Pakistan, 16 ottobre 2014: l’Alta Corte di Lahore ha confermato la sentenza di primo grado del 2010 secondo la quale Asia Bibi, una contadina cristiana del Pakistan, merita il patibolo. Una vicenda che ha dell’incredibile, tanto assurda quanto sostenuta da solide leggi: la donna è stata arrestata nel giugno 2009 e accusata di blasfemia. Ebbene, questo è più che sufficiente per consentire la condanna a morte di una persona in Pakistan quindi, Asia Bibi deve morire. Il giudice ha ritenuto valide e credibili le accuse delle due sorelle di fede musulmana che hanno testimoniato sulla presunta blasfemia commessa da Asia, le stesse donne con cui l’imputata aveva avuto l’alterco e da cui è nato il caso. La donna, che ha cinque figli, ha sempre respinto le accuse dichiarandosi innocente. I fatti risalgono al 14 giugno 2009: Asia Bibi era andata a prendere dell’acqua da un pozzo per ristorarsi dopo il lavoro nei campi e l’aveva offerta alle due donne musulmane che l’avevano aiutata ma loro, indignate, l’hanno accusata di aver inquinato la fonte in quanto infedele e l’hanno denunciata per insulti al profeta Maometto. Cinque giorni dopo il mullah musulmano Qari Muhammad Sallam ha poi formalizzato l’accusa di blasfemia alla polizia.
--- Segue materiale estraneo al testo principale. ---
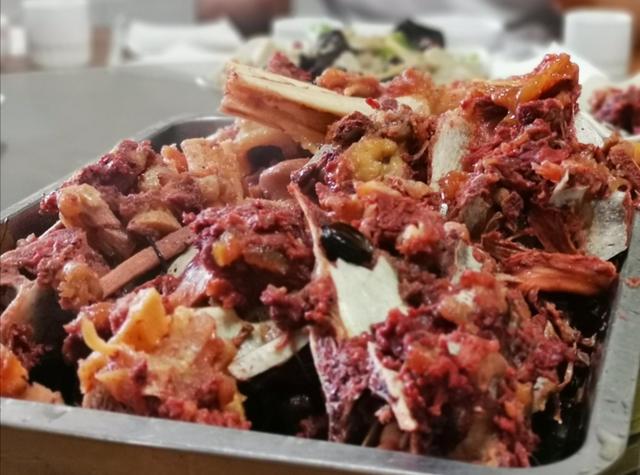 河南乡镇最霸气驴肉,山西最霸气驴肉馆一头驴煮一锅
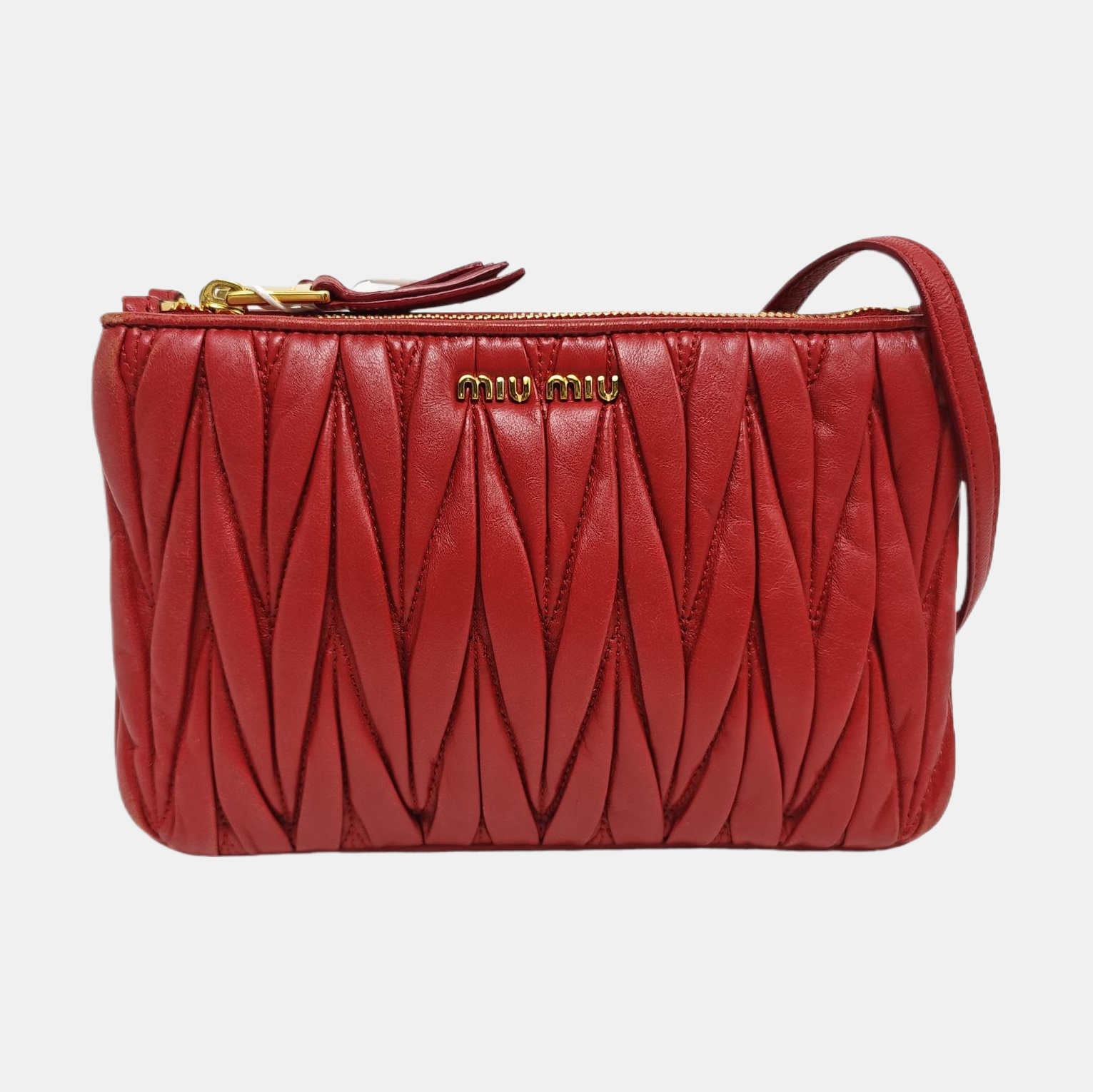 Authenticated pre-owned  Matelassé Lambskin Red - Shoulder Bag at Looply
Ora al marito di Asia non resta altro che fare appello alla Corte Suprema, terzo e ultimo grado di giudizio in Pakistan.
Dopo la prima condanna a morte, per la liberazione di Asia Bibi si era mossa la comunità internazionale ed erano state raccolte più di quattrocentomila firme. Perfino papa Benedetto XVI aveva lanciato pubblicamente un appello in difesa della donna, ma a nulla sembrano valse le proteste per cancellare questa norma che ha fomentato tante violenze e discriminazioni verso le minoranze religiose. Introdotte nel 1982 e nel 1986 con l’intento di proteggere l’Islam e la sensibilità religiosa della maggioranza musulmana, le leggi sulla blasfemia hanno ricevuto una vaga formulazione e vengono applicate arbitrariamente da parte della polizia e della magistratura tanto da trasformarsi in minacce e persecuzioni a danno delle minoranze religiose e degli stessi musulmani. Recita la sezione 295 del codice penale pachistano: “chi con parole, sia pronunciate che scritte, o con rappresentazione visibile, o con qualsiasi imputazione, alludendo o insinuando, direttamente o indirettamente, contamina il sacro nome del profeta Maometto (pace su di lui) è punito con la morte o il carcere a vita, ed è altresì suscettibile di multa”. Insomma, appare chiaro quanto questa norma possa essere impugnata contro chiunque comprometta interessi particolari o sia oggetto di vendetta, proprio come spesso documentato da Amnesty International e da altre associazioni per i diritti umani: le accuse in base alle leggi sulla blasfemia sono fondate unicamente sulle convinzioni religiose o sono formulate per incarcerare persone allo scopo di ottenere vantaggi negli affari o nelle dispute sui terreni e la giustizia è ostacolata dall’atteggiamento di giudici e polizia contro le minoranze religiose. Ma in Pakistan è davvero dura cambiare le cose. Perché le leggi sulla blasfemia hanno solide radici e giocano un ruolo chiave anche nella vita politica. Il Paese nasce da una miscela disomogenea di popolazioni troppo disparate e separate per percepirsi come parte di un unico stato. La mancanza di un senso condiviso di appartenenza nazionale avrebbe trovato un imperfetto surrogato nell'identità religiosa, nella fede musulmana, la cui tutela (sentita come bisogno imprescindibile) risiede nella legge sulla blasfemia.